FE: Well, let's see. Well, something, like whenever... I took a lot of civil service tests after I came back, they always have, "Have you ever been convicted of a felony?" So I'd always write a paragraph on very, as briefly as I can what happened, and it never did hinder me from being accepted. And all the... of all the people that I've talked to, you know, about our case, about the resisters, almost a hundred percent of Caucasians or any other non-Japanese group would be very supportive. They would say that if they were in our position, they would have done the same thing, they'd never be put into the army under those conditions. That's why I still can't understand why more people didn't resist out of these camps. That's a mystery to me. After all the injustice, that they figured to cap it with more injustice and they don't say anything about it... I know they felt like it was wrong, because at these meetings, almost a hundred percent would say, "It's wrong to draft us out of these camps." Yet when the time came, they wouldn't go... just like I heard at Rohwer a bunch of them was going to resist and it ended up only one person resisted. Joe... what was his last name? I forget his last name. Anyway, he was the only one that resisted and he got beat up pretty bad at the Texarkana jail, prison there.

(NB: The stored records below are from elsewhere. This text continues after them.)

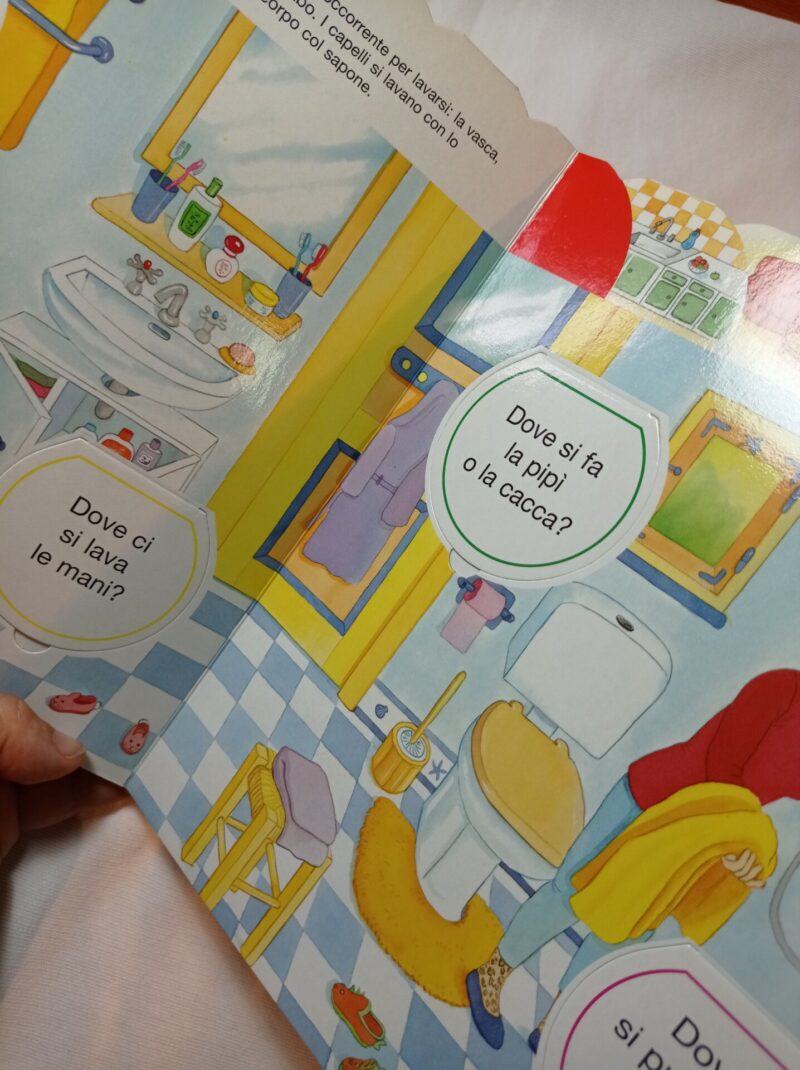 I piccoli segreti della casa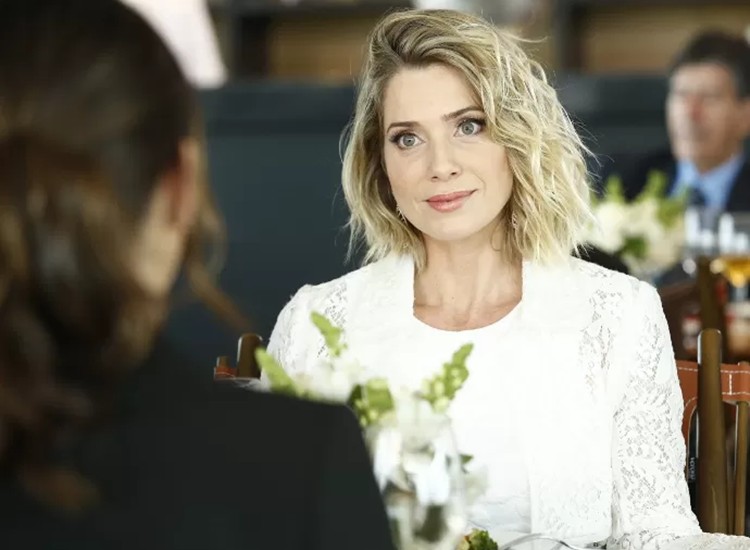 I Love Paraisopolis - Soraya surpreende Mari Raphael Dias/Gshow/Reprodução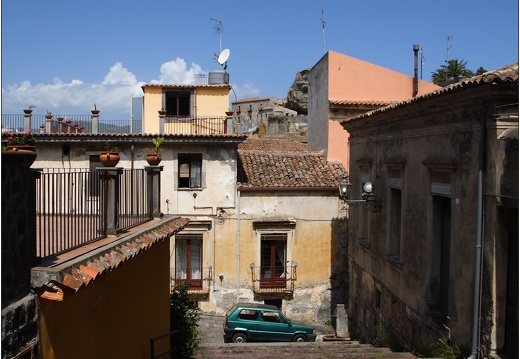 Castiglione di Sicilia, vieille ville (2669 visites) Castiglione di Sicilia, vieille ville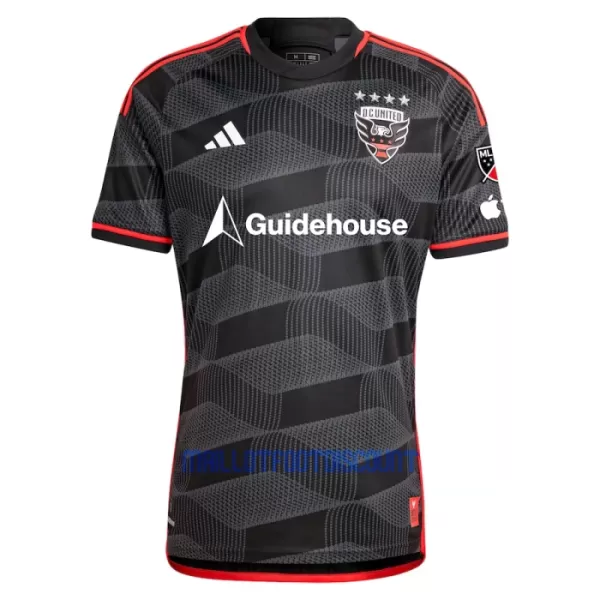 Maillot De Foot DC United Domicile 2024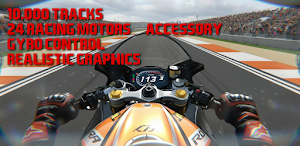 Motorcycle Game 3D – Racing Screenshot 2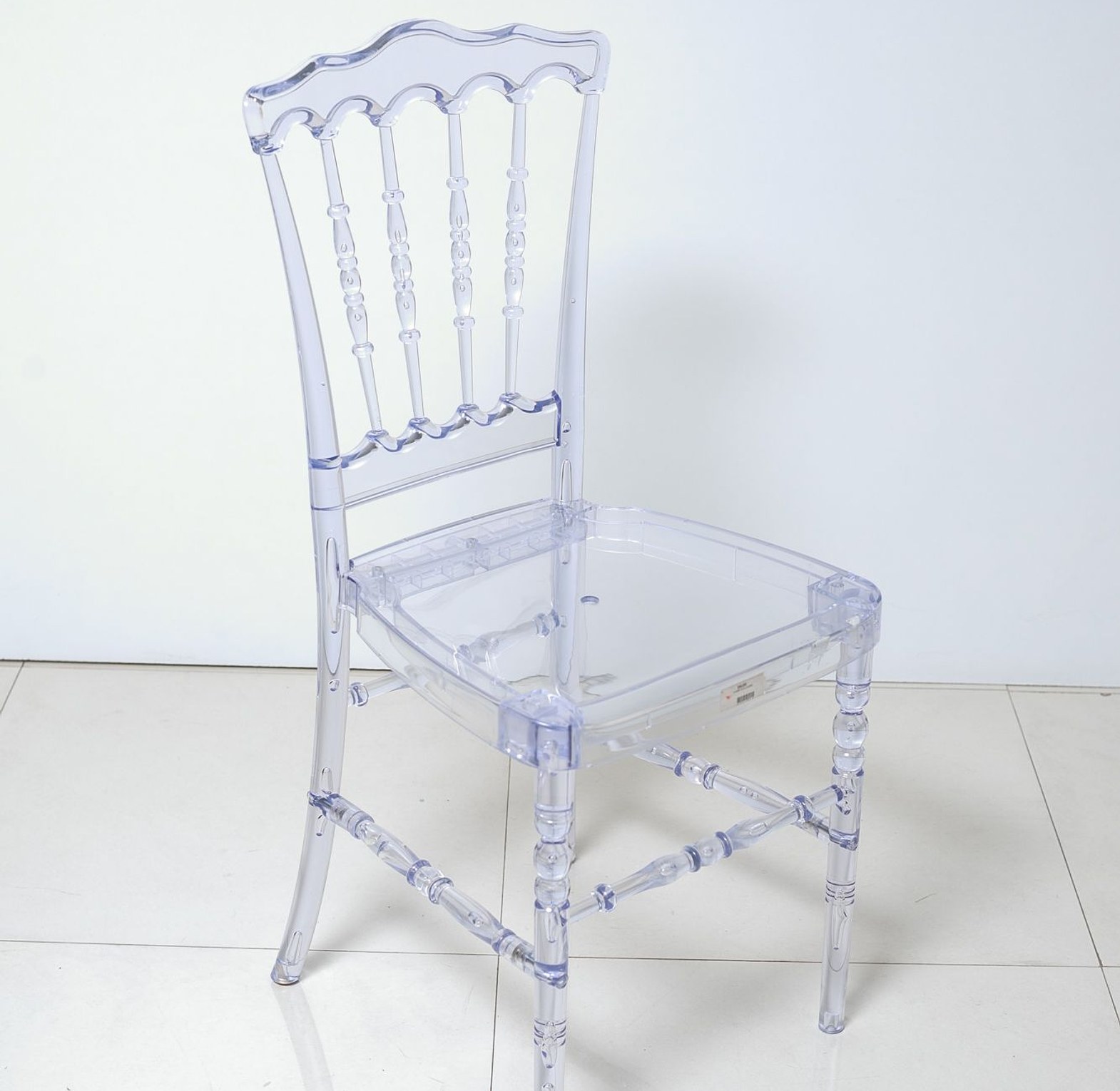 CHAIR CLR CLEAR Ref :PC-9 image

EO: Can you just say what happened to some of the other resisters? Like in Poston and how others, what kind of sentences they got?

FE: Oh, yes.

EO: Just in terms of, like, different places?

FE: Oh yeah, another very interesting thing about the resisters' case is that in the different camps, before different judges, for the identical offense, they all got very different sentences. In Poston, the resisters were just fined one penny. They didn't see any jail time. And in the case of the Heart Mountain, they got three years. And in Minidoka, I think some of them got two years, some of them got one year and Amache, some of them got one year, some of them got two years. And in Tule Lake, identical offense, even if it was a different type of camp, they were charged with the same violation, and they were, the judge threw it out of court. He said, I forget the exact words, but he said it was a real... I can't remember his words. But he said it was a very wrong and unjust thing to prosecute these people for refusing to obey a draft law after they were put in these camps without due process. And he just threw it out of court.

EO: What does this say to you about the legal system?

FE: That the legal system is really screwed up. As much back then as it is now. [Laughs]

EO: So it's sort of who you got, right?

FE: That's right. Depends on the judge. Some judges were very just, humane, the others were just go by the letter of the law and make their own laws, in fact. Interpret their own, interpret to their way of thinking.